Growth Energy noted there are other farm practices that reliably quantify emission reductions which could be included in the feedstock calculator, citing the IRS and USDA should look at "biostimulants, biofertilizers and biopesticides" that "enhance soil health, improve nutrient uptake, and increase crop yields."

"It is therefore critical that farmers have flexibility to apply those farm practices that work best for their unique operations, leading to greater incentive and participation."

At the same time, the Trump administration has emphasized a broader effort to end what the president frequently calls "Green New Scam ideologies" and projects. President Trump's new 2027 budget plan details ending "Green New Scam" programs 21 times across the federal government, including USDA and the Energy Department.

Groups representing truck stops, convenience stores and other fuel marketers also weighed in on the 45Z rule with multiple criticisms. Current high gas prices at the pump "should serve as the regulatory North Star of biofuel policy." The groups stated the 45Z does not address affordability challenges for consumers or businesses. The groups called on Congress to reinstate the Biodiesel Blenders' Tax Credit to both bolster soybean demand and help stabilize diesel prices.
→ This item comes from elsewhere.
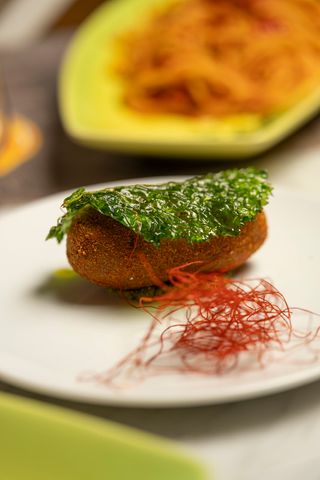 Crocché di baccalà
"The truth is, '45Z' has failed to help American farmers and American consumers of fuel. Treasury can begin to address these failures by finalizing rules that require transparent disclosure of credit values throughout the fuel supply chain, enabling the economic benefit of the '45Z' Credit to flow to consumers at the pump rather than disappearing in the margins of fuel producers," the fuel marketer groups stated in a joint news release.